Di fatto chi esce vincitore è l'Happy New Ears cageano, l'invito cioè a sturarsi felici le orecchie, di fronte al catastrofismo messianico, giovanilistico di Vengo a seppellire la musica, non a farne l'elogio. Vince in Cage l'idea irriducibilmente pragmatica di uno sperimentalismo che invita alla flessibilità che individua il vero inventare non nella ricerca maniacale del nuovo, ma nel rivolgersi al già esistente, nel collegare le cose in modo diverso.

I risultati possono essere un'impareggiabile Europera, ma anche certi improponibili Freeman Etudes o Cheap Imitation. L'ultima sera, il lassez laire di Cage si è tradotto in un palcoscenico sul quale, impotenti, si stagliavano dieci arpe. Cecilia Chailly, alla testa dell'Harp Ensemble di Milano, una squadra di giovani arpiste in divisa firmata Missoni, ha lavorato dapprima sulle prescrizioni di un datatissimo Winter Music, generato nel 1957 mediante le giocate cinesi dell'I-Ching e normalmente eseguito da un quantitativo di pianoforti variabili tra 1 e 21. Qui c'erano dieci arpe e il risultato era piuttosto amorfo (come del resto coi pianoforti). Arpa sola invece (quella di una Cecilia Chailly apparsa un po' timida), per un'archeologica ma profetica In a Landscape del 1948, anch'essa originariamente concepita per pianoforte. Quindici anni fa sarebbe apparsa un'americanata insopportabile.

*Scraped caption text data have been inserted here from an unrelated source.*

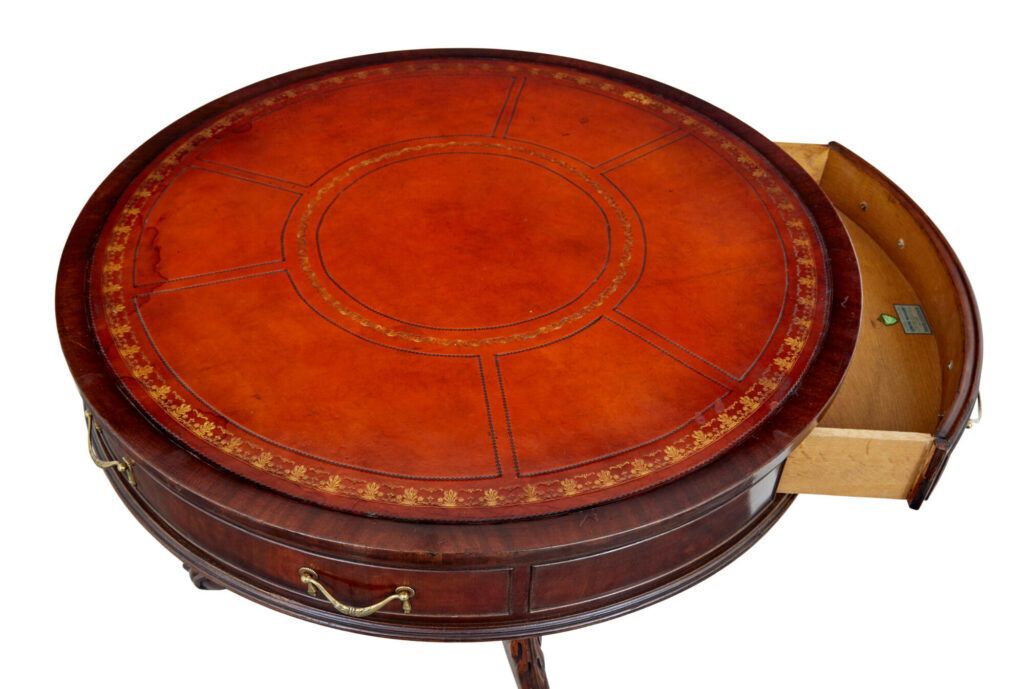 Mid 20th Century American Imperial Mahogany Center Table photo vinterior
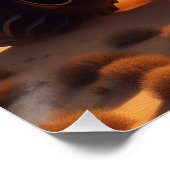 MONSTER TRUCK POSTER (Ecke)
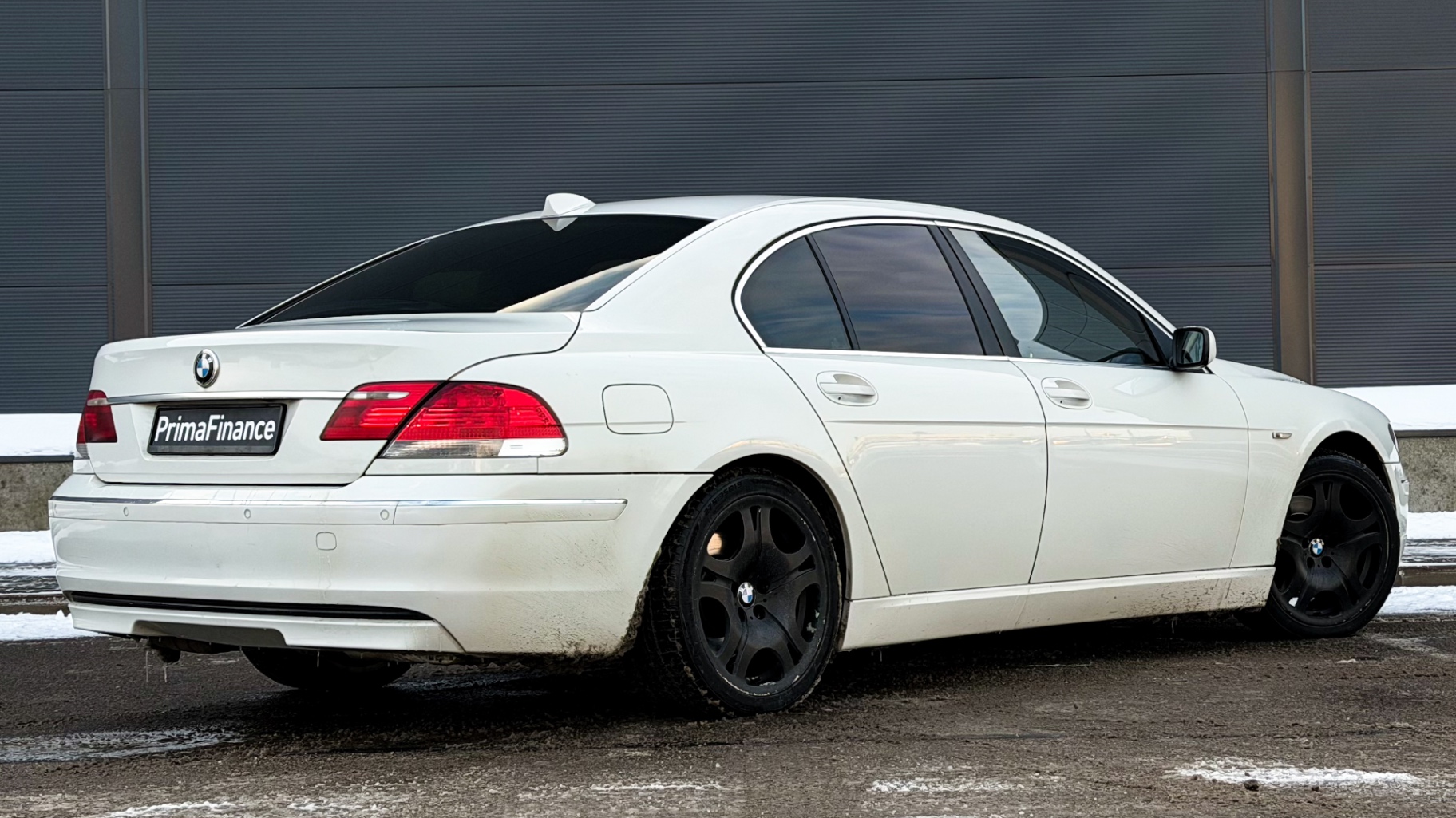 BMW 7 Series 2006 – 2. foto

Costruita interamente su un arpeggiare (già, con l'arpa) dal flusso uniforme, levigato, indicibilmente eufonico e pacificato, In a Landscape si presenta oggi come una pagina neoromantica-minimal in anticipo di quarant'anni, in stupefacente (per altri insopportabile) equilibrio tra mielosità e rigorosa sintesi di mezzi.

Infine una prima europea: Postcard from Heaven, cartoline dal paradiso sulle quali Cage ha scritto solo che devono durare mezz'ora, che arrivati a metà si torna indietro e che si devono usare certi ragas, certe scale e certe combinazioni ritmiche. Per il resto fate voi. Dalle dieci arpe pilotate da mani gentili, non poteva uscire paesaggio sonoro più endemico, lievitante in un'atmosfera di totale eufonia contemplativa, dove però forse traspariva da parte delle giovani interpreti, messe di fronte alle incognite dell'improvvisazione, il bisogno eccessivo di schematizzare gli eventi. L'applauso è sgorgato fluente, a rincuorare chi aveva visto l'iniziale golosità del pubblico per la musica di Cage, una volta assaggiatone un pezzetto, inclinare impercettibilmente verso il torpore. Di questa musica forse aveva già capito tutto Antonin Artaud quando nel 1934 scriveva: Al mio caro amico Edgar Varèse del quale amo la musica senza averla mai sentita e perché ascoltando voi parlare di musica mi è possibile sognarne e perché so che con la vostra musica in rivolta noi potremo pervenire a una nuova condizione del mondo. Con Cage al posto di Varèse, il discorso fila, appunto finché non si tratta di ascoltare per davvero, o, addirittura, di mettersi in testa di cambiare il mondo.